BEGIN GIVEN INFORMATION

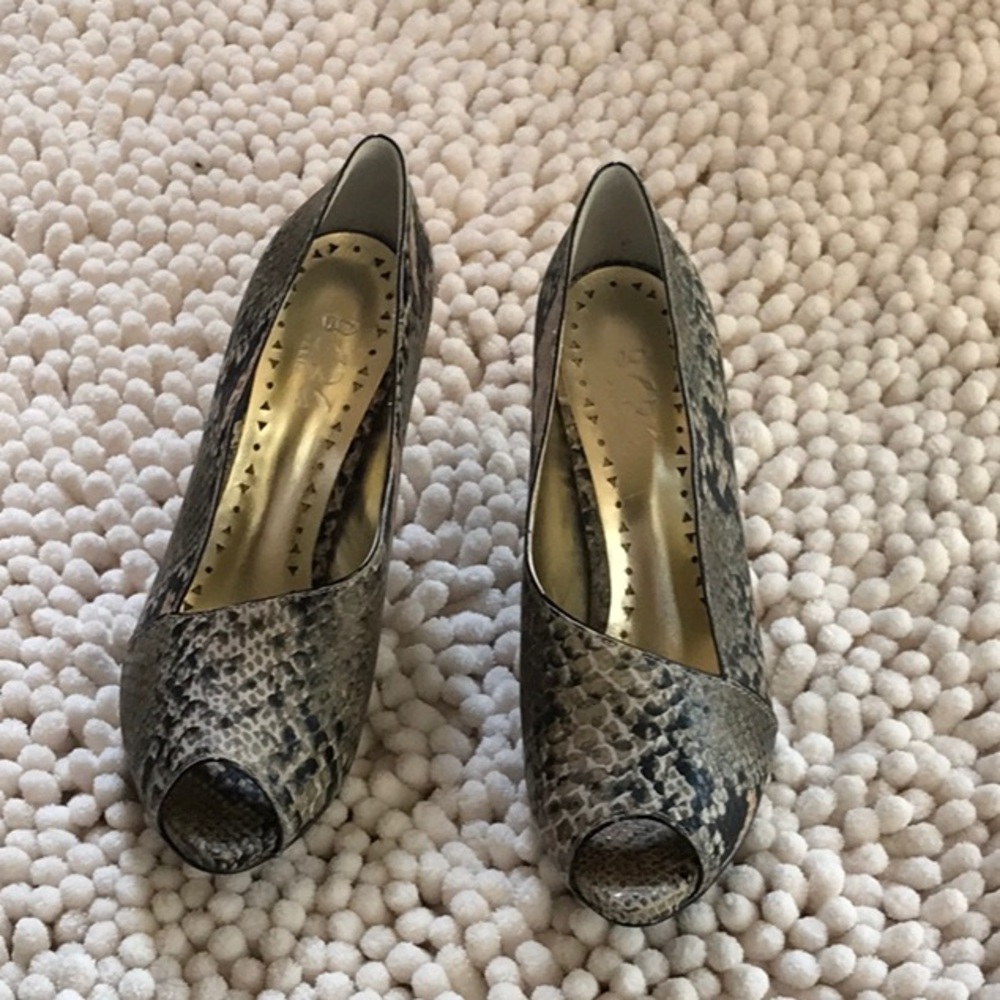 Bcbg Paris snakeskin heels!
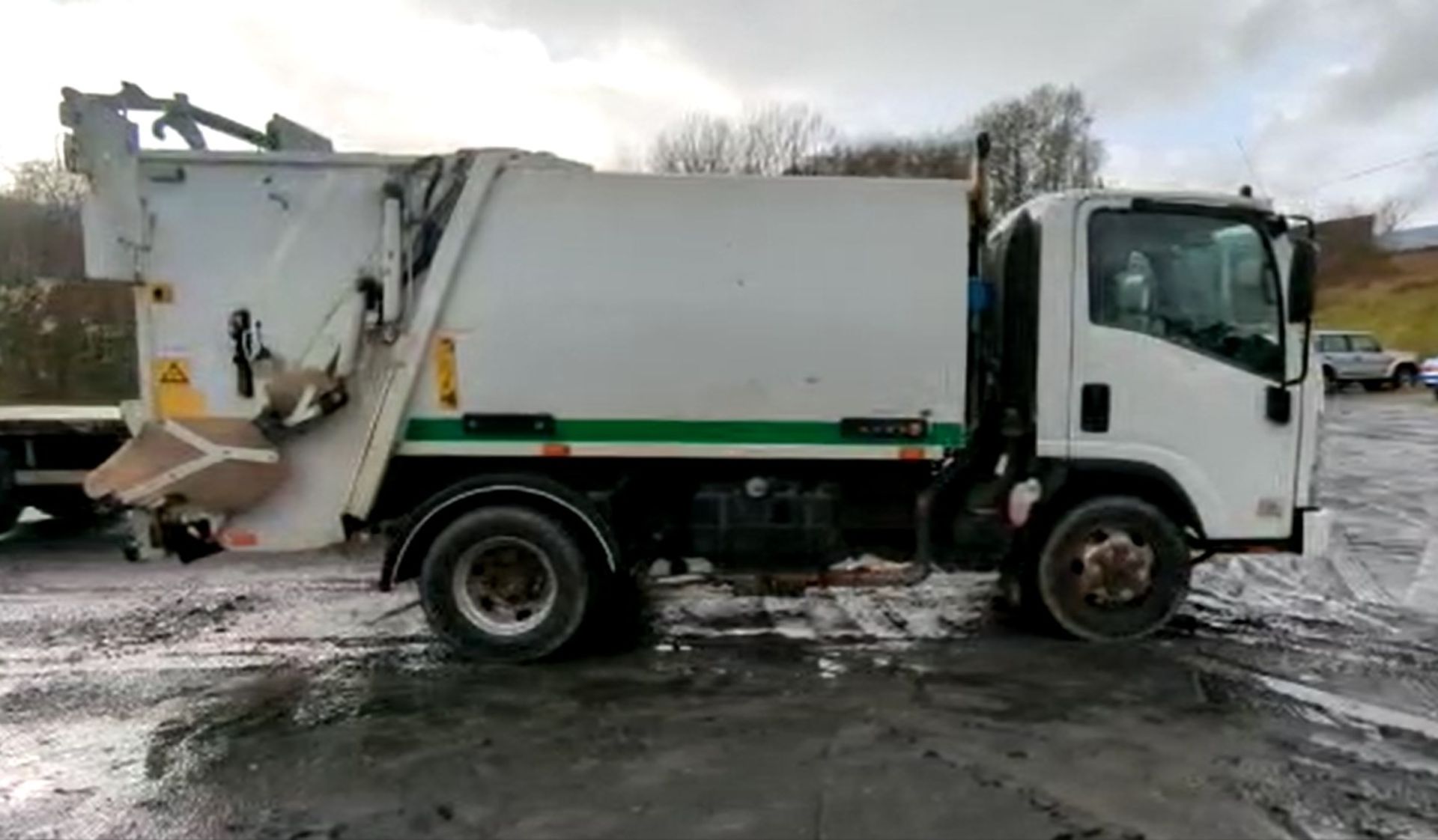 11/11 ISUZU TRUCKS FORWARD N75.190 DUSTCART AUTO - 5193cc 2dr (White, 166k)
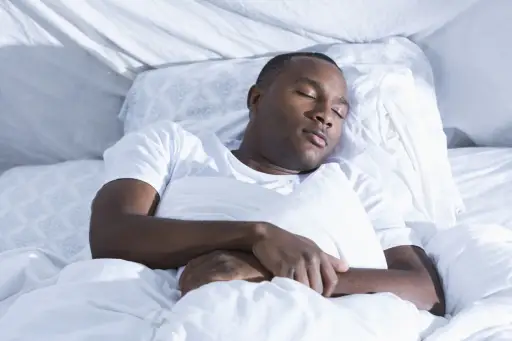 年轻非洲裔美国人睡着在后面床上。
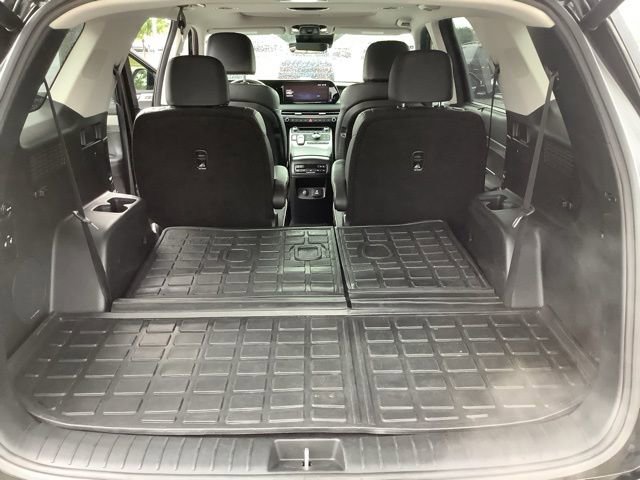 Used 2023 Hyundai Palisade SEL w/ Premium Package image 14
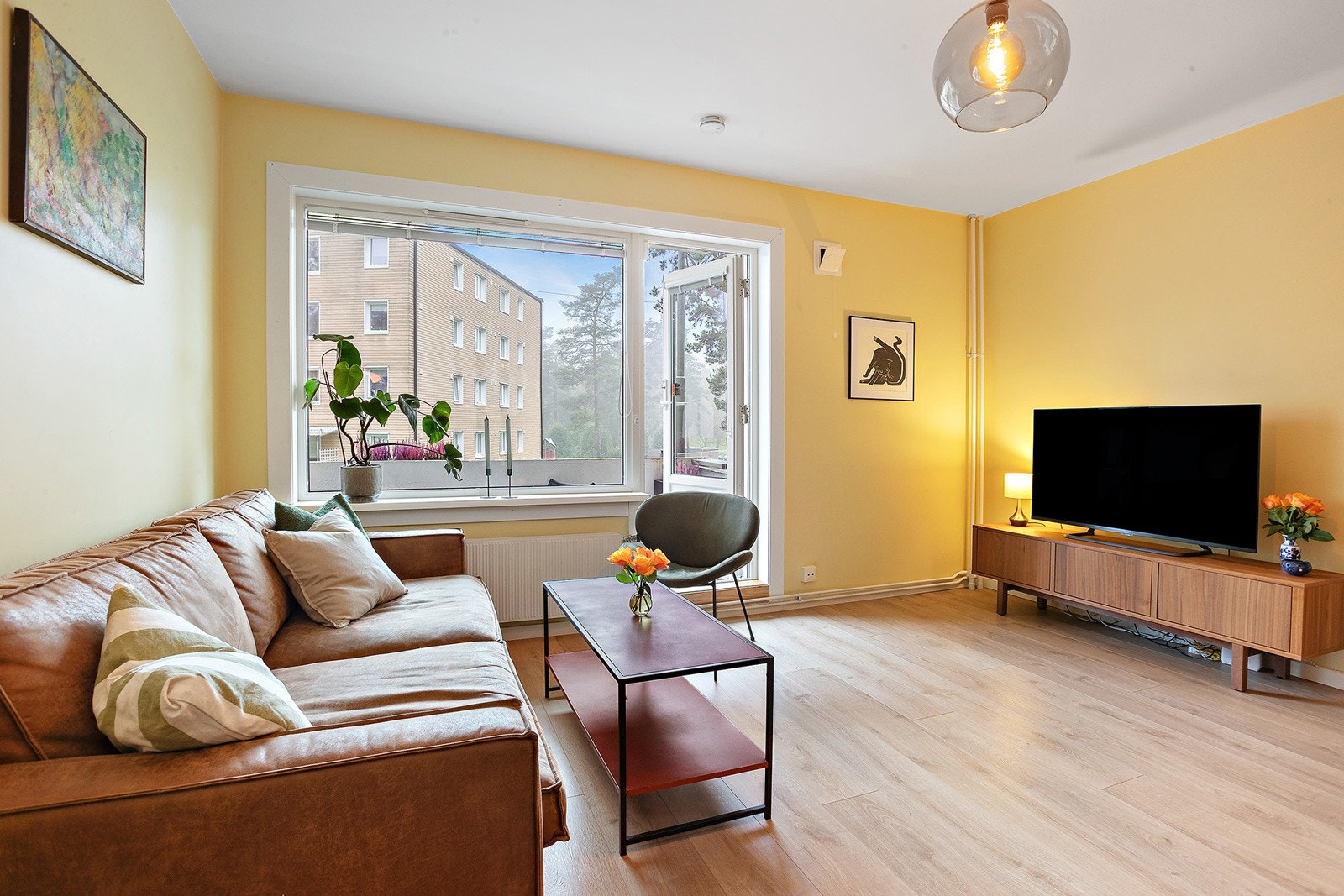 Store vindusflater som slipper inn naturlig lys til hele rommet. Vinduer ble utskiftet i 2019 i regi borettslaget. Galleribilde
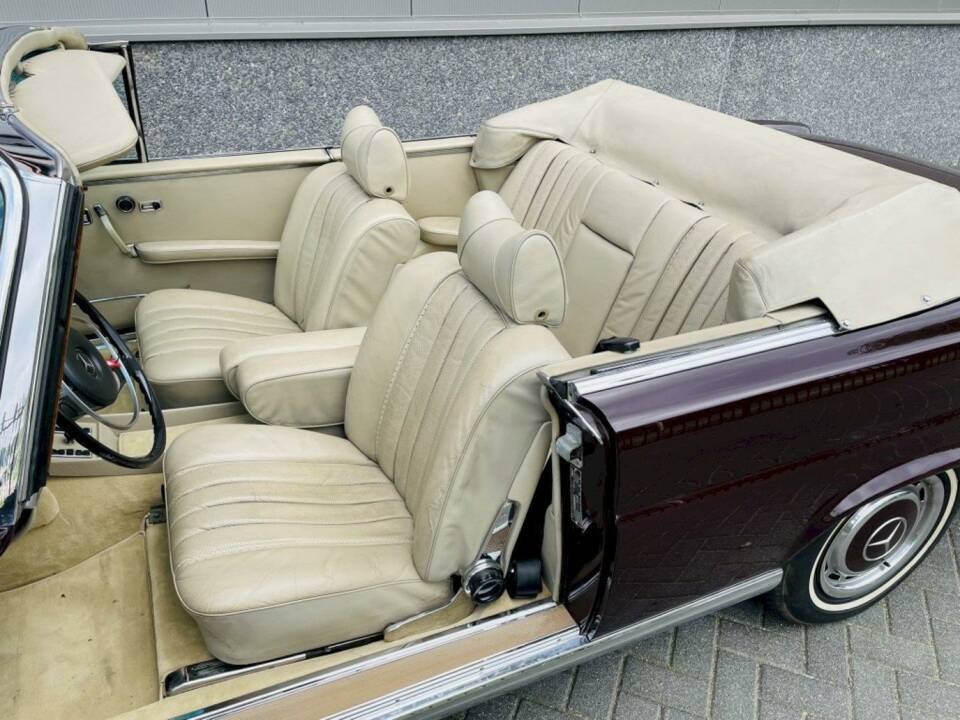 Image 19/36 de Mercedes-Benz 280 SE 3,5 (1971)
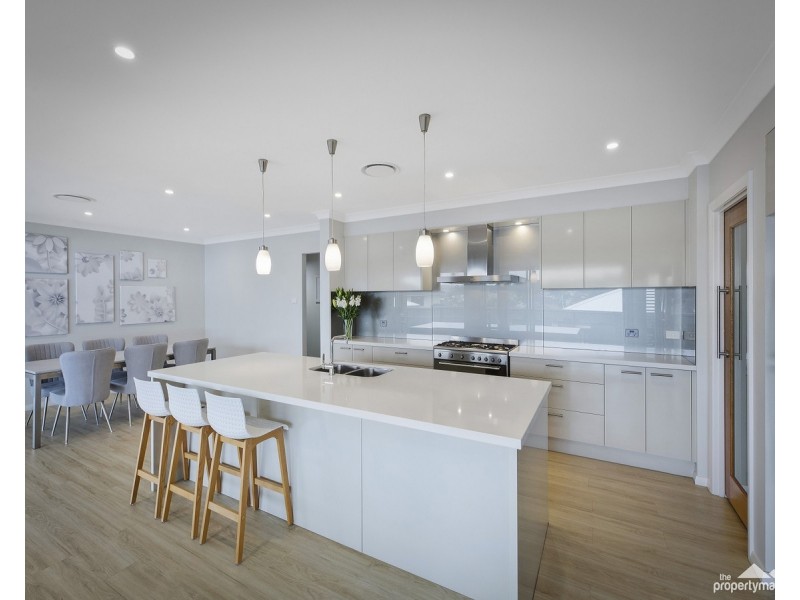 22 The Ridge, Wadalba NSW 2259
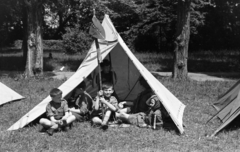 Hungary, Győr, Kiskút, cserkésztábor., 1941, Nagy István, scouting, tableau, tent, flag, camping site, Fortepan #264443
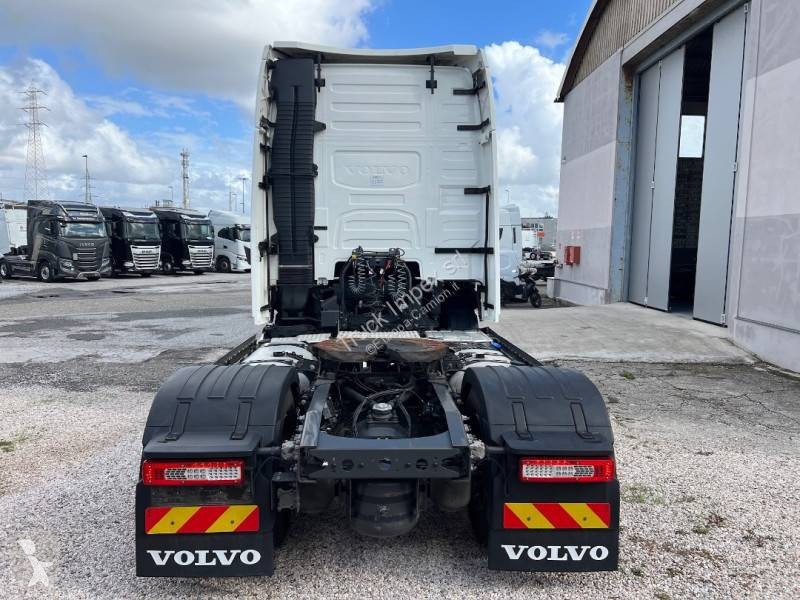Tahač Volvo 500 Globetrotter XL
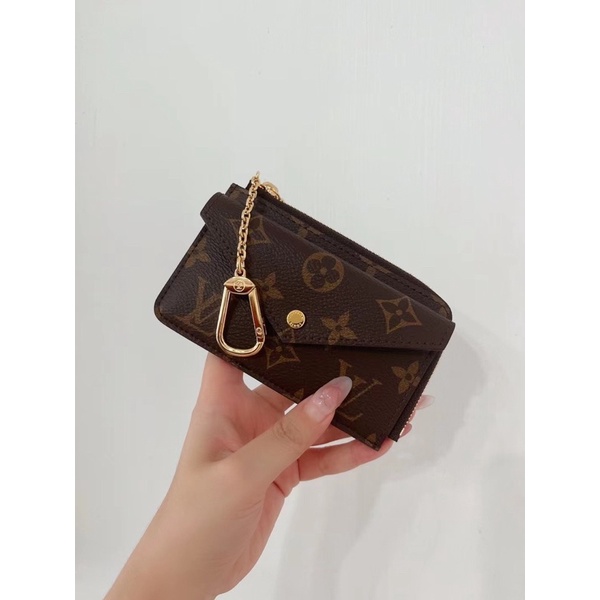 Ví Lv hàng mới nhất 2022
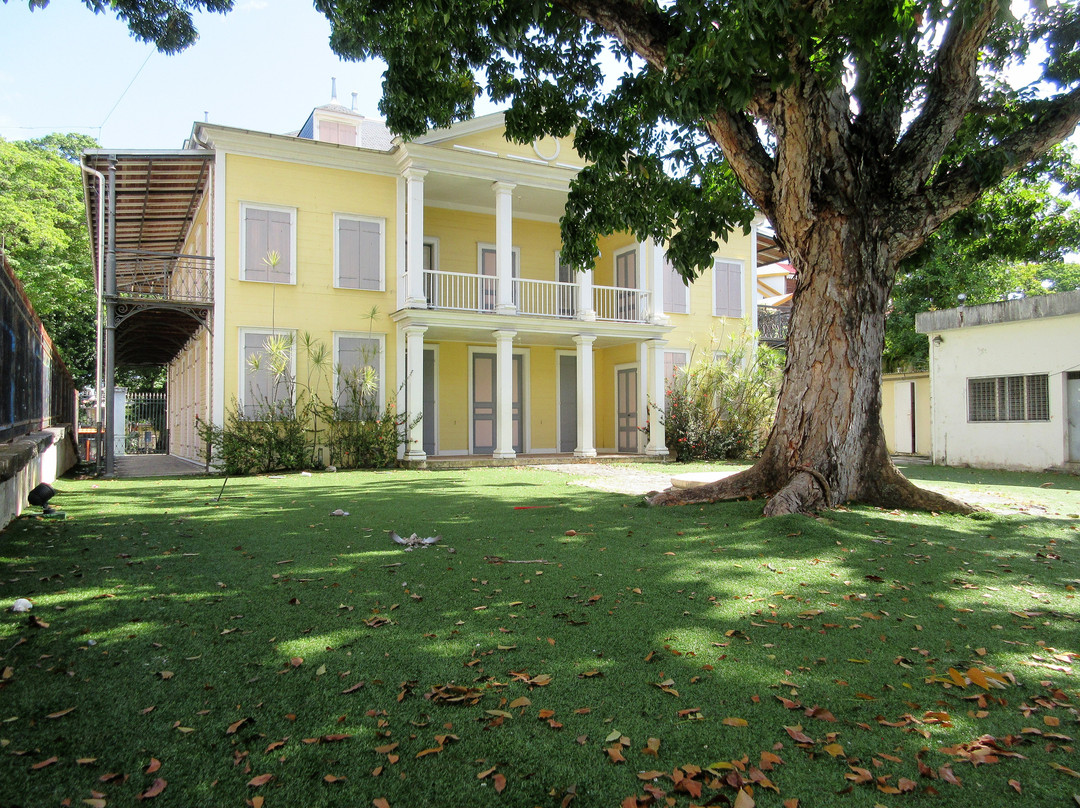 Place de la Victoire-Pointe-a-Pitre必去景点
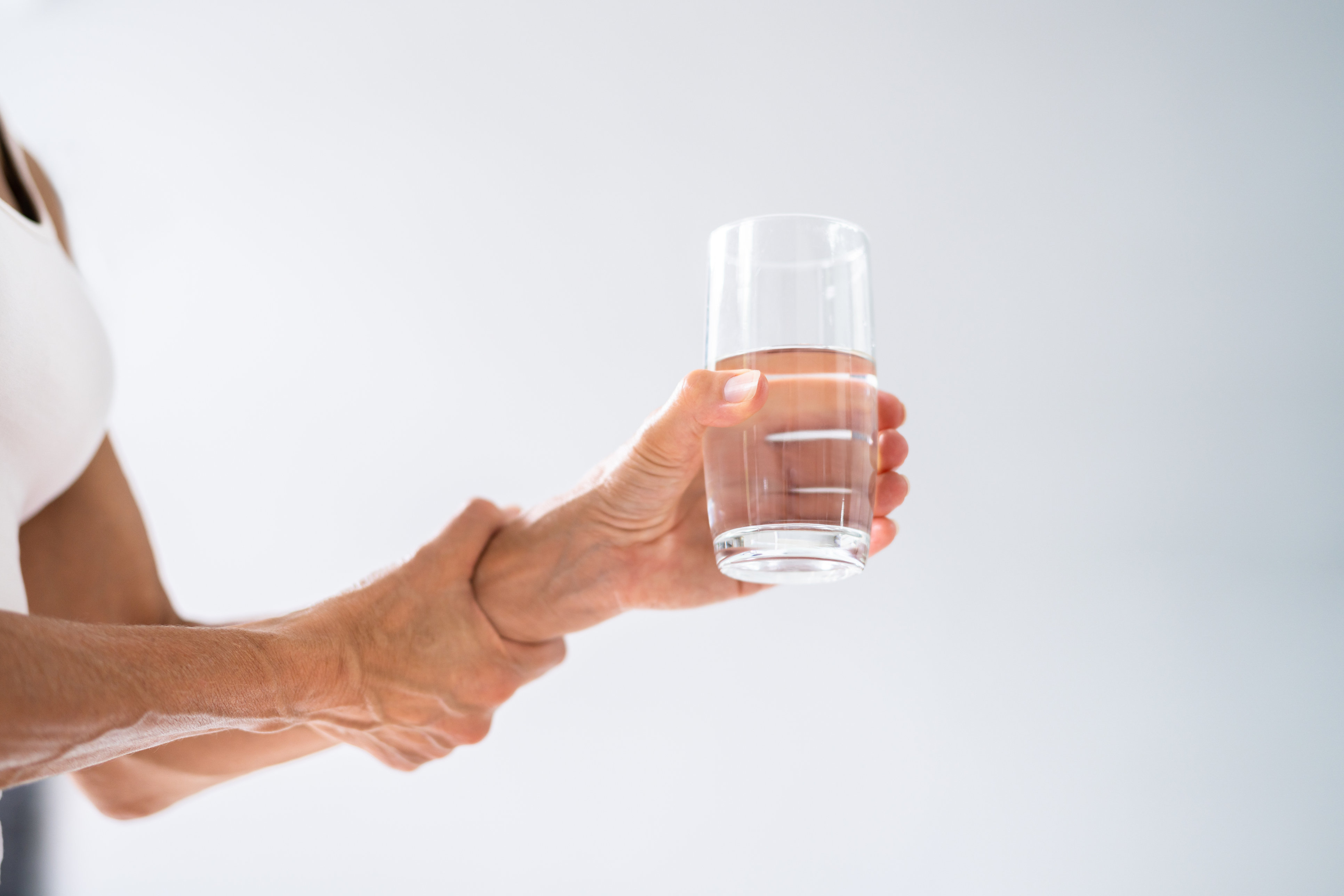 Болезнь дрожания (эссенциальный тремор): симптомы и лечение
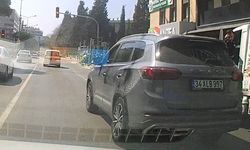 İzmir'de kural tanımaz sürücü araç kamerasına yansıdı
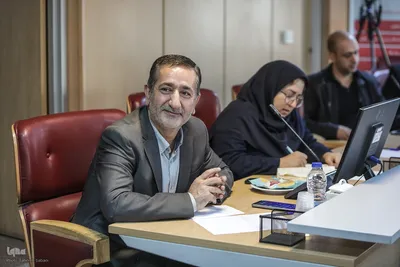 نشست آنسوی شکست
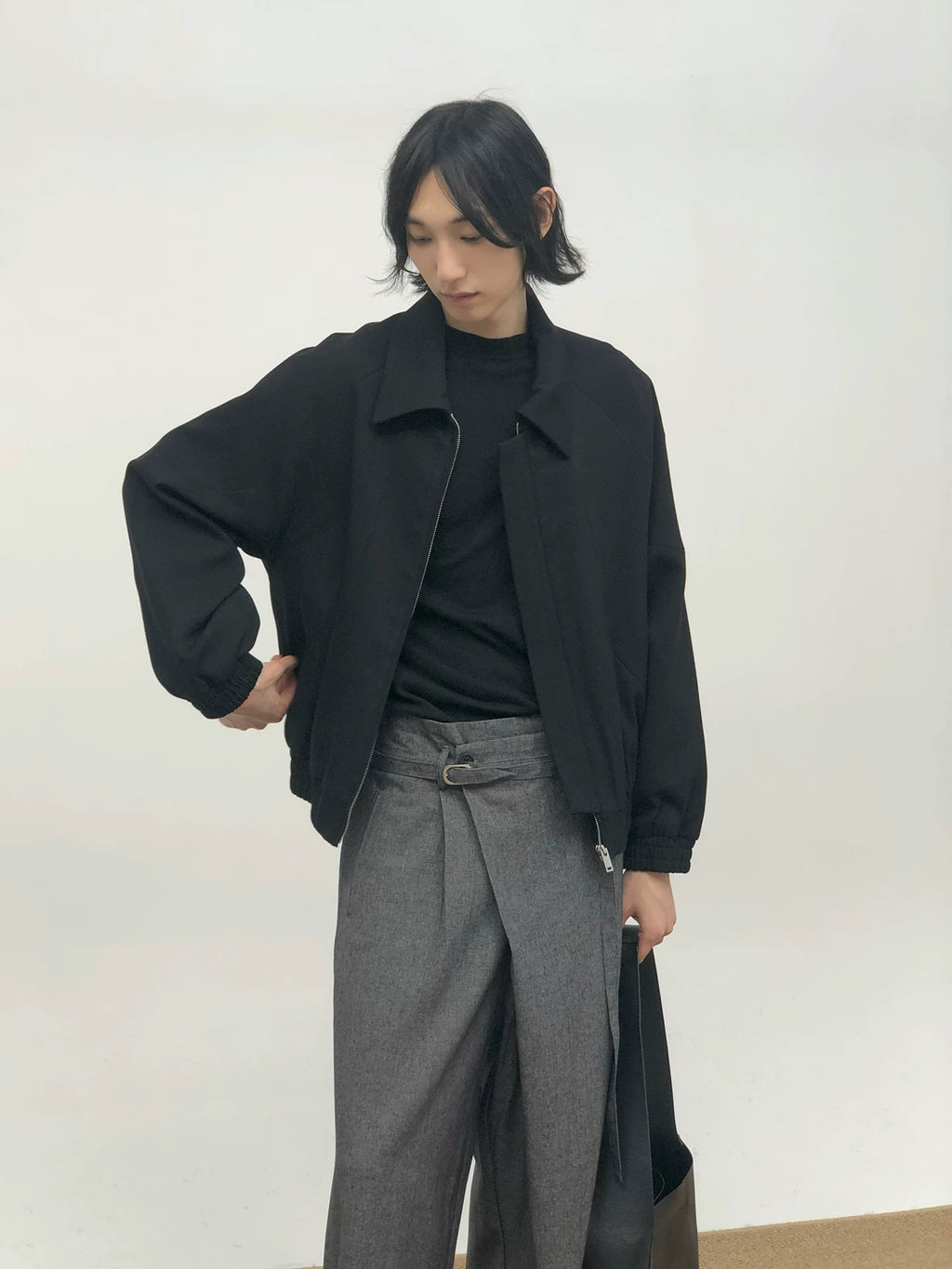 COLN Short Deconstructed Loose Zipper Jacket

END GIVEN INFORMATION

◆ WHAT TO WORK ON
Print every entry above again, exactly as written. Leave the images out.

◆ RESULT BELOW
 Bcbg Paris snakeskin heels!
 11/11 ISUZU TRUCKS FORWARD N75.190 DUSTCART AUTO - 5193cc 2dr (White, 166k)
 年轻非洲裔美国人睡着在后面床上。
 Used 2023 Hyundai Palisade SEL w/ Premium Package image 14
 Store vindusflater som slipper inn naturlig lys til hele rommet. Vinduer ble utskiftet i 2019 i regi borettslaget. Galleribilde
 Image 19/36 de Mercedes-Benz 280 SE 3,5 (1971)
 22 The Ridge, Wadalba NSW 2259
 Hungary, Győr, Kiskút, cserkésztábor., 1941, Nagy István, scouting, tableau, tent, flag, camping site, Fortepan #264443
Tahač Volvo 500 Globetrotter XL
 Ví Lv hàng mới nhất 2022
 Place de la Victoire-Pointe-a-Pitre必去景点
 Болезнь дрожания (эссенциальный тремор): симптомы и лечение
 İzmir'de kural tanımaz sürücü araç kamerasına yansıdı
 نشست آنسوی شکست
 COLN Short Deconstructed Loose Zipper Jacket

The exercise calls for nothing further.